WORKING DATA:

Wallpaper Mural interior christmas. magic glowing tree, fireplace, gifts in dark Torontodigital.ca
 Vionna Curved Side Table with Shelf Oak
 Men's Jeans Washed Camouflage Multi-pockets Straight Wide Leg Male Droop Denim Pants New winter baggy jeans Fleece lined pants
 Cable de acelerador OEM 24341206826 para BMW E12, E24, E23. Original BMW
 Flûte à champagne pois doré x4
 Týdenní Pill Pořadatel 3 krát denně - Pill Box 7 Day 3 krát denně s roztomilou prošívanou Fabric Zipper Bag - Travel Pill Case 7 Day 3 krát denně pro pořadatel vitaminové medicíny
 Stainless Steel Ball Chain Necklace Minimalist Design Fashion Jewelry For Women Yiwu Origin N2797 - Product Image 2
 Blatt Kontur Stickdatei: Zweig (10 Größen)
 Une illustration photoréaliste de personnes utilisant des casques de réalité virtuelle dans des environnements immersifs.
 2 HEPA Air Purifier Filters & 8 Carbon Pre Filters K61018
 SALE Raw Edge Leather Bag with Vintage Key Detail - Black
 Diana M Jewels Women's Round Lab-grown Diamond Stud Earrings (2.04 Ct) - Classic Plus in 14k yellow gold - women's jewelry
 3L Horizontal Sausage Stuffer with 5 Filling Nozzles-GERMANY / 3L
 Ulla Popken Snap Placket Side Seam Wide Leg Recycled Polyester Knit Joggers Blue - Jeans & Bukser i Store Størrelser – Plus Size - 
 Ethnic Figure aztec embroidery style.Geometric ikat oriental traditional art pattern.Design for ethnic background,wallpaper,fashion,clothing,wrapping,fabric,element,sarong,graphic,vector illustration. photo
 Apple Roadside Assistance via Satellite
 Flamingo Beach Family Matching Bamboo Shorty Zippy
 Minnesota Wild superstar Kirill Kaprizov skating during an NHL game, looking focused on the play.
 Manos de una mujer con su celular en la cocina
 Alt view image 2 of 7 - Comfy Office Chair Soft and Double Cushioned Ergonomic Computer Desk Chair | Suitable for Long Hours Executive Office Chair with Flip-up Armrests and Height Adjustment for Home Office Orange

TRY IT: Please set down exactly the lines running from the one with "Apple Roadside Assistance via Satellite" to the last line of the entries above, both of them included, and no others.

SOLVED EXERCISE:
 Apple Roadside Assistance via Satellite
 Flamingo Beach Family Matching Bamboo Shorty Zippy
 Minnesota Wild superstar Kirill Kaprizov skating during an NHL game, looking focused on the play.
 Manos de una mujer con su celular en la cocina
 Alt view image 2 of 7 - Comfy Office Chair Soft and Double Cushioned Ergonomic Computer Desk Chair | Suitable for Long Hours Executive Office Chair with Flip-up Armrests and Height Adjustment for Home Office Orange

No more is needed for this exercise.